Word for word, copy the line containing "The Royal Palace" and every line after it in the records below, leaving pictures out.

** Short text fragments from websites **
+===+
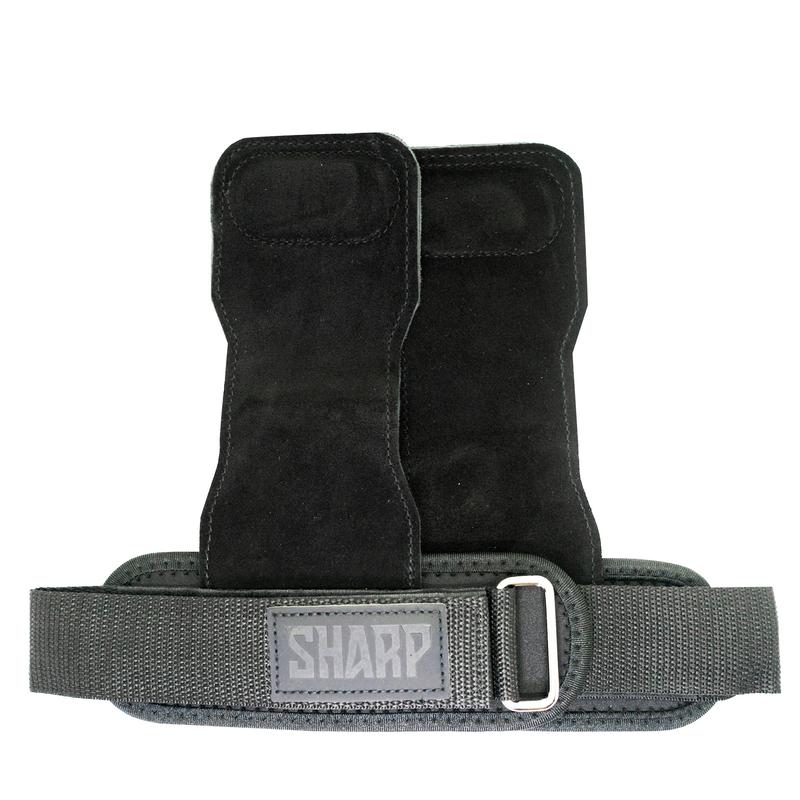 Găng tay deadlift The Sharp CNGSport Chính hãng tập gym găng tay lifting grips tập tạ da bò hỗ trợ kéo lưng xô hít xà Chống Trượt Chống Trơn Bao Tay phổ quát thoáng khí day keolung gang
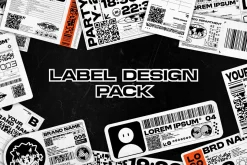 BRUTALISM LABEL DESIGN PACK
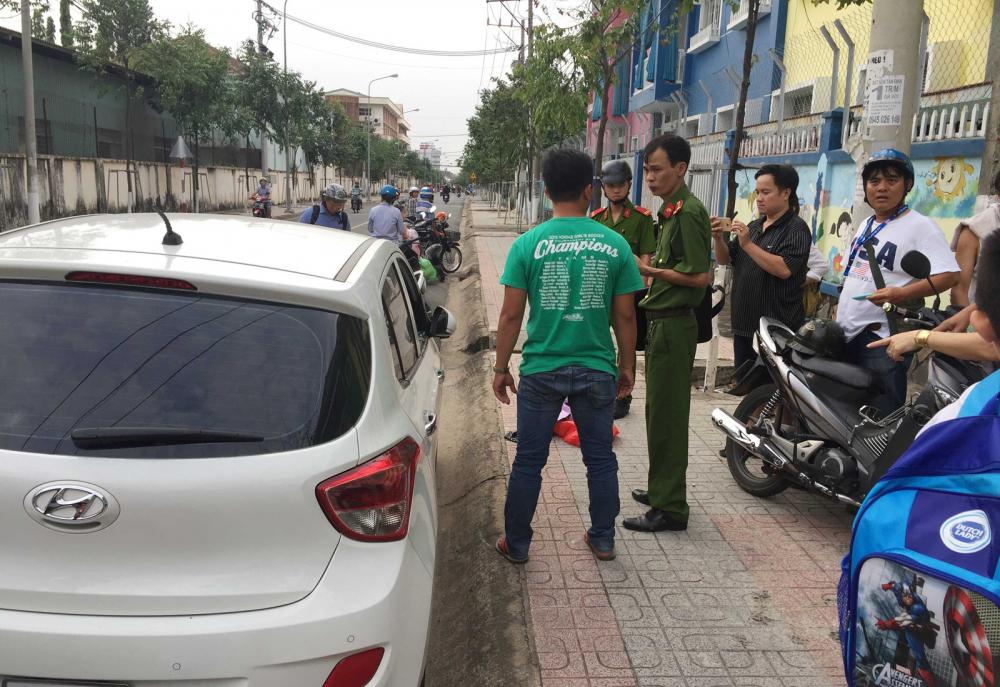 điều tra vụ đập kính xe hơi 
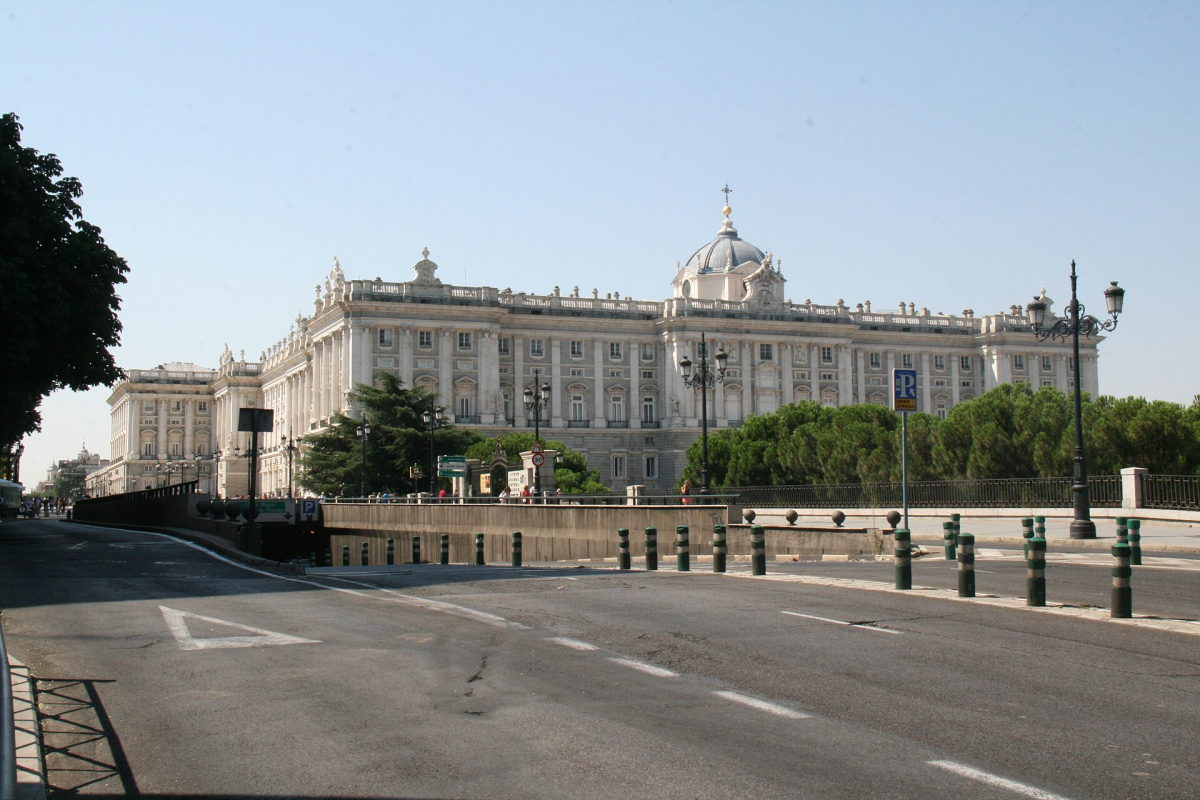 The Royal Palace exterior; admission to the interiors is separate.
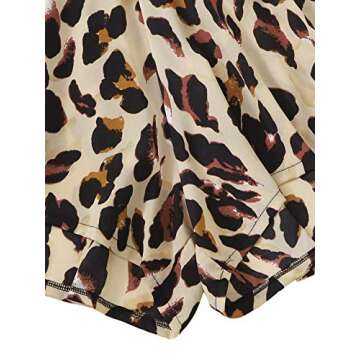 SweatyRocks Women's Floral Print Playsuit - Stylish Summer Jumpsuit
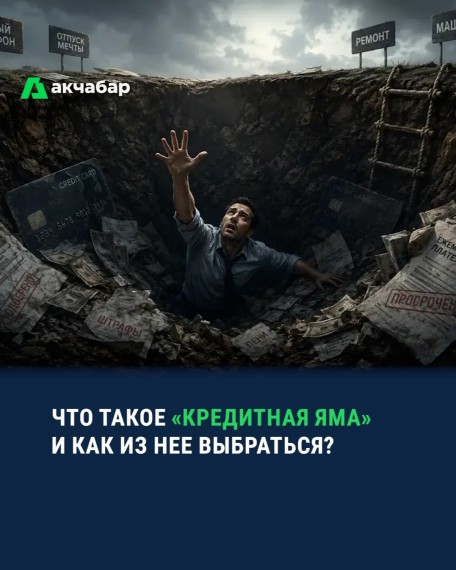 Что такое «кредитная яма» и как из нее выбраться?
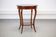Late 20th Century Classical Style Round Side Table / Sewing Table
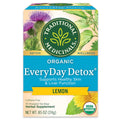 Traditional Medicinals Organic EveryDay Detox Lemon 有機日常排毒檸檬茶無咖啡因16包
+===+
** Answer section **
 The Royal Palace exterior; admission to the interiors is separate.
 SweatyRocks Women's Floral Print Playsuit - Stylish Summer Jumpsuit
 Что такое «кредитная яма» и как из нее выбраться?
Late 20th Century Classical Style Round Side Table / Sewing Table
 Traditional Medicinals Organic EveryDay Detox Lemon 有機日常排毒檸檬茶無咖啡因16包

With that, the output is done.